*Assigned task*: Your reply should repeat all records verbatim and contain no images.

Image-text web data
+ + + + + + +
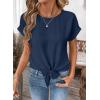 image:imageEVALESS Womens Tops Summer Cap Sleeve Tie Front Shirts 2026 Business Casual Work BlousesNavy Blue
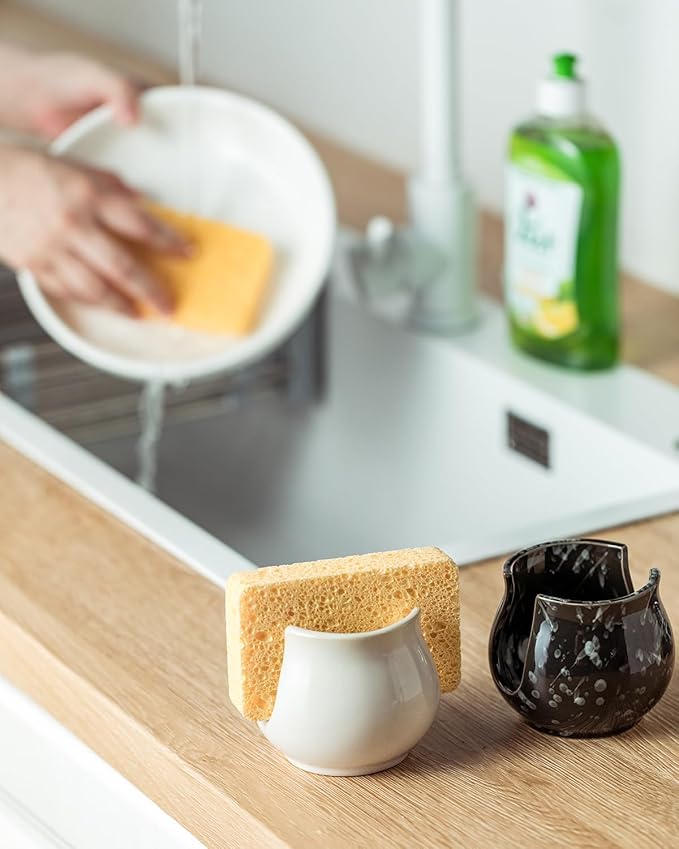 Zoeeker Kitchen Sponge Holder, Ceramic Dish Sponge Holder Kithen Sink Organizer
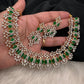 AD Neckline Color Stone Statement Necklace - Green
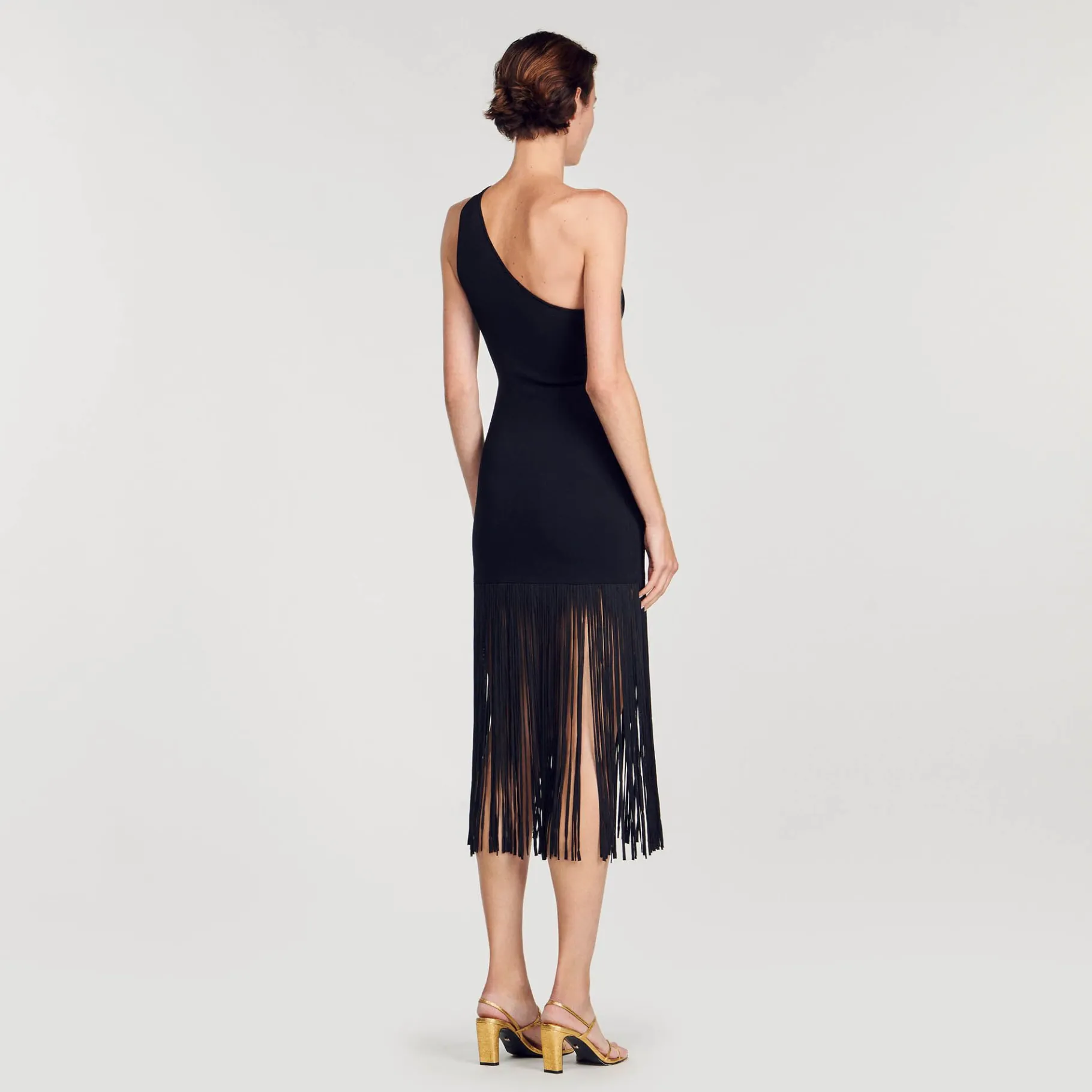 Sandro Paris Vestidos-Vestido Assimetrico Com Franjas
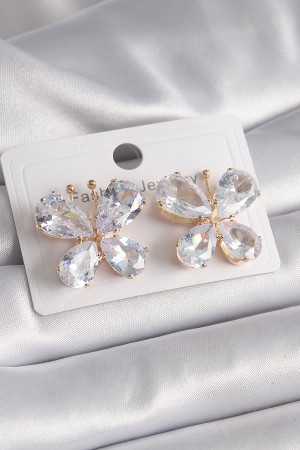 Pirinç Gold Renk Zirkon Taşlı Model Kadın Küpe - TJ-BKP9614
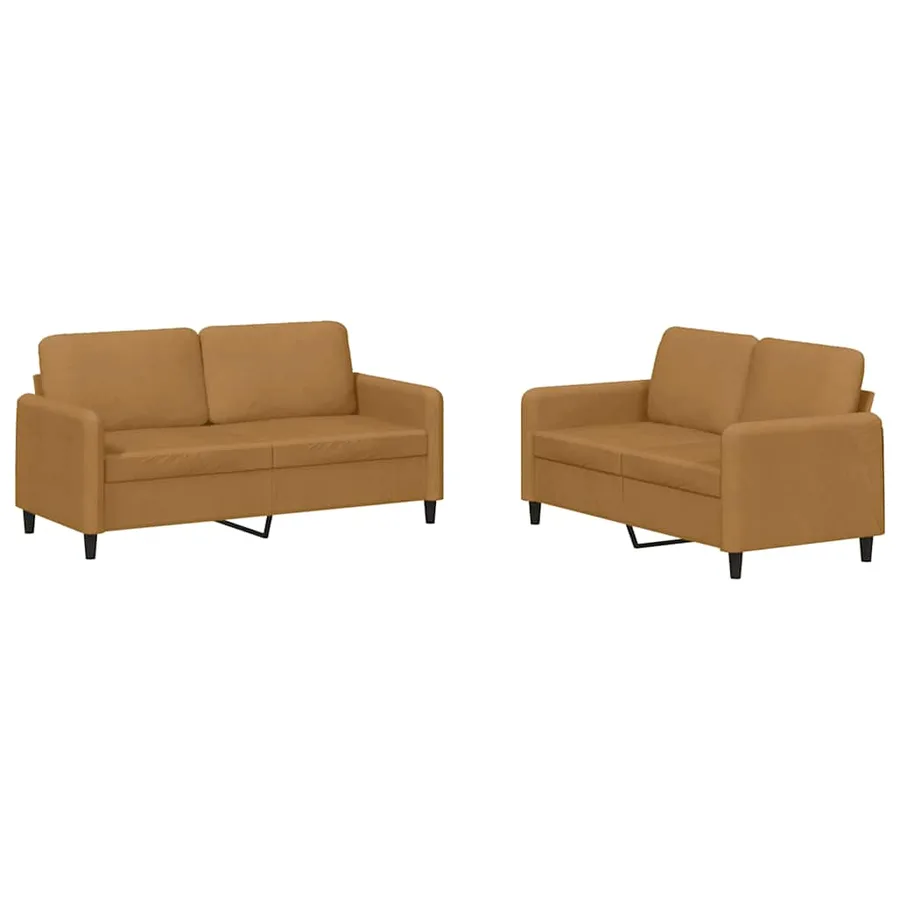 Ensemble de canapés 2 pcs marron velours - 2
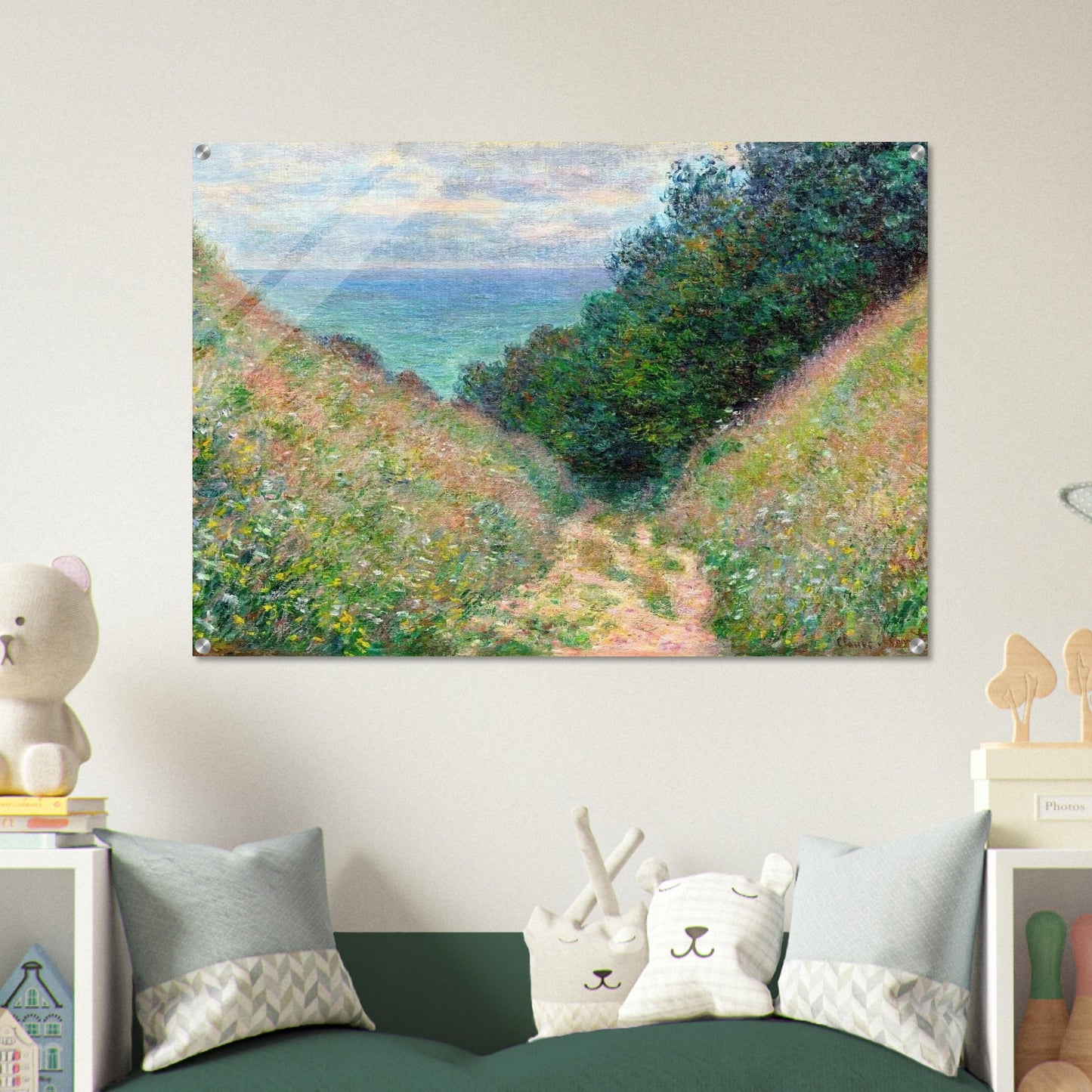 Path at La Cavee, Pourville - claude monet Acrylic Print - 70x100 cm / 28x40″ inches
+ + + + + + +
*Response area*:
 image:imageEVALESS Womens Tops Summer Cap Sleeve Tie Front Shirts 2026 Business Casual Work BlousesNavy Blue
 Zoeeker Kitchen Sponge Holder, Ceramic Dish Sponge Holder Kithen Sink Organizer
 AD Neckline Color Stone Statement Necklace - Green
 Sandro Paris Vestidos-Vestido Assimetrico Com Franjas
 Pirinç Gold Renk Zirkon Taşlı Model Kadın Küpe - TJ-BKP9614
 Ensemble de canapés 2 pcs marron velours - 2
 Path at La Cavee, Pourville - claude monet Acrylic Print - 70x100 cm / 28x40″ inches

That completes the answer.